To tell the truth, I didn't intend to write another book so soon. Not that this is by way of an apology: I am too evangelical about the food I like eating (and cooking) not to want to present the recipes from the new series of Nigella Bites to you, taking advantage of the extra wittering space a book allows. But I've wanted, too, to borrow from the other medium, so this book is slightly different from my previous two: there are more pictures and the chapters inevitably take their shape and content from each programme in the TV series.
In truth, there isn't a conflict. I've always felt that food is nothing if taken out of the context in which it's eaten, and the programmes – and consequently these chapters – are arranged according to the sort of cooking we might want to do, depending on our life, our timetable and our mood. But, please: these are suggestions only, not inflexible command. Life is not so rigidly constructed, and I might well want to cook something for a weekday dinner that I've earmarked here for a Sunday lunch, and presume you might, too.
There are more pictures and the chapters inevitably take their shape and content from each programme in the TV series.

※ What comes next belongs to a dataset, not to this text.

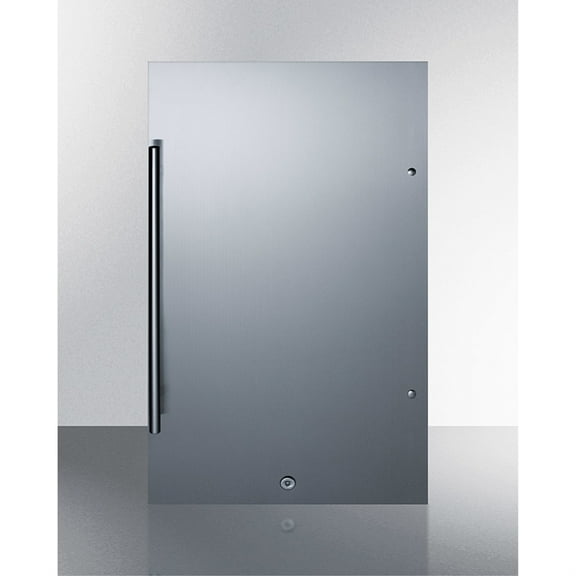 Outdoor shallow depth all-refrigerator in a 19 Inches W x 17.25 Inches D footprint, with stainless steel exterior and lock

Anyway, even if themes, the focus of these chapters, are varied, what remains constant, and so what links them, is taste. I don't mean taste in a food-snobbish, status sense (please, I am just not interested) but the tendency towards certain techniques (for me, that means easy ones) and certain ingredients. Restaurant chefs rely, to a greater or lesser extent, on innovation and novelty; what's more, they are generally less constrained by ordinary domestic concerns of budget or storage space. They can buy a bottle of some special liqueur for one particular recipe; we are unlikely to.
So, you might well find that certain ingredients crop up repeatedly. In the same way, when a little bit of stock is needed, I'm not going to instruct you to start boiling up bones left, right and centre, just for the purist sake of it, but rather suggest you use the shop-bought stock-concentrate I use myself. The point is, this is the way we cook at home. And for all that this is, frankly, the book of the television series, I am neither a chef nor a performer: none of the recipes here has been specially constructed for broadcast or publication purposes: this is the food I cook, the food I eat.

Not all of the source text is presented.